This agreement shall constitute the entire agreement between the Parties and no representations, warranties and previous statements made by any person or agent other than those in writing in this Agreement signed by the Parties shall be binding on the parties.

[96]            There is no dispute that an action in tort for negligent misrepresentation may lie even though the relevant parties to the action are in a contractual relationship:  Queen v. Cognos Inc., [1993] 1 S.C.R. 87, 97 D.L.R. (4th) 626 and BG Checo International Ltd. v. British Columbia Hydro and Power Authority, [1993] 1 S.C.R. 12, [1993] 2 W.W.R. 321 [BG Checo].  Such claims may lie even though the contract includes an Entire Agreement or general exclusion clause:  Zippy Print Enterprises Ltd. v. Pawliuk (1994), 100 B.C.L.R. (2d) 55, [1995] 3 W.W.R. 324 (C.A.) [Zippy] and BG Checo.  In other instances, Entire Agreement clauses were found to exclude total liability:  Intrawest Corp. v. No. 2002 Taurus Ventures Ltd., 2007 BCCA 288, 281 D.L.R. (4th) 420 and Bow Valley Husky Bermuda Ltd. v. Saint John Shipping Ltd., [1997] 3 S.C.R. 1210, 153 D.L.R. (4th) 385.
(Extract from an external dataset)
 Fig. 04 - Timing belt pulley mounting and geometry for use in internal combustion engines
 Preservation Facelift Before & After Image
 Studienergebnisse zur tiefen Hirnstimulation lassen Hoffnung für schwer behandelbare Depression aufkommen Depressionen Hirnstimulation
[97]            A review of these cases demonstrates that the determination of whether tort liability is excluded will depend on all of the circumstances of the case, including such circumstances as the sophistication of the parties.  Of particular significance is whether the terms of the contract specifically address the matters that were the subject of the pre-contractual representations.

[98]            The Court in Zippy at para. 45 described the underlying principle in the following manner:

A general exclusion clause will not override a specific representation on a point of substance which was intended to induce the making of the agreement unless the intended effect of the exclusion clause can be shown to have been brought home to the party to whom the representation was made by being specifically drawn to the attention of that party, or by being specifically acknowledged by that party, or in some other way.
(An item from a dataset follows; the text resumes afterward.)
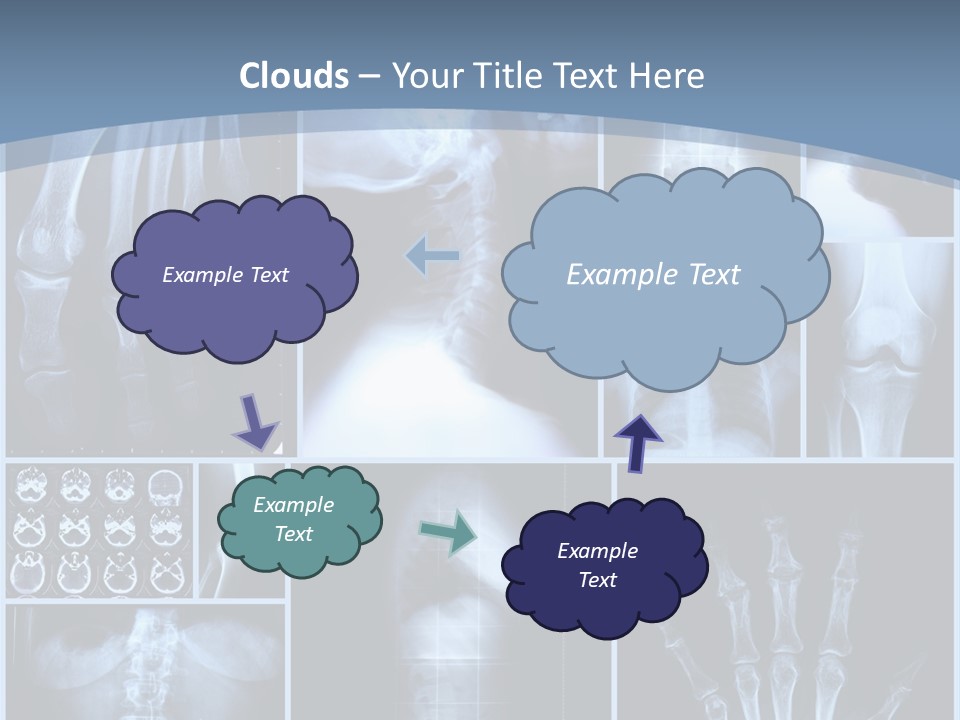 Radiation Shin Bones PowerPoint Template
[99]            Applying these principles to the facts in this case, the Entire Agreement clause in the parties’ Contract does not preclude the Plaintiffs from bringing this action.
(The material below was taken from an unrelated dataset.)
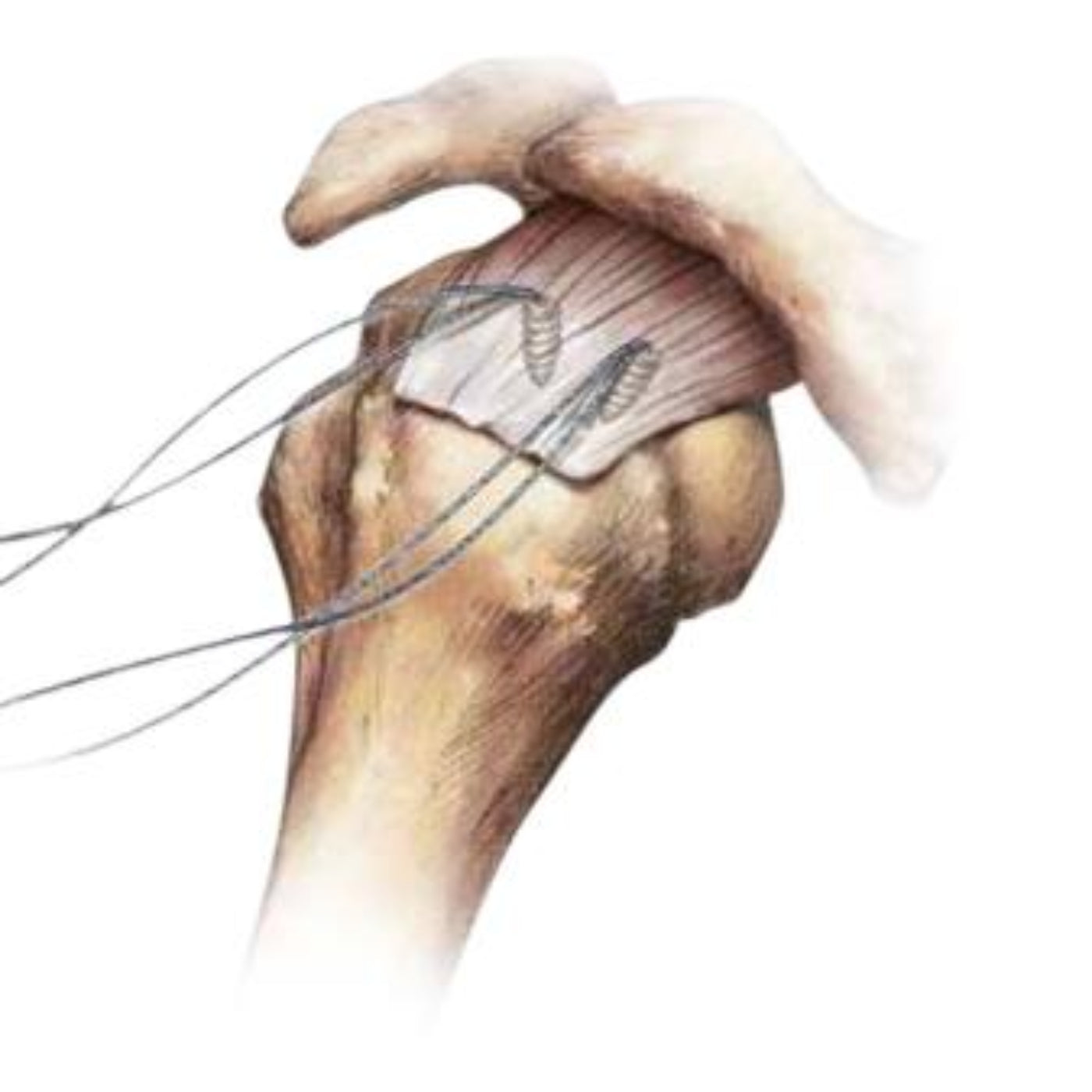 Zimmer Biomet BiPass Suture Pusher, VA Only, - BiPass Plastic Suture Pusher, VA Only - 902093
[100]        First, the Entire Agreement clause in this Contract is a general exclusion clause.  That is, it does not specifically exclude claims for negligent misrepresentations – there is, in fact, no reference to negligent misrepresentation.

[101]        Further, the Defendants made a specific representation regarding a point of substance (namely the location of the back boundary of the property).  Given that this representation was made when the Plaintiffs were in the process of deciding whether they were going to purchase the property and given that they specifically asked about the property line, I am satisfied that the representation was made to induce them to purchase the property.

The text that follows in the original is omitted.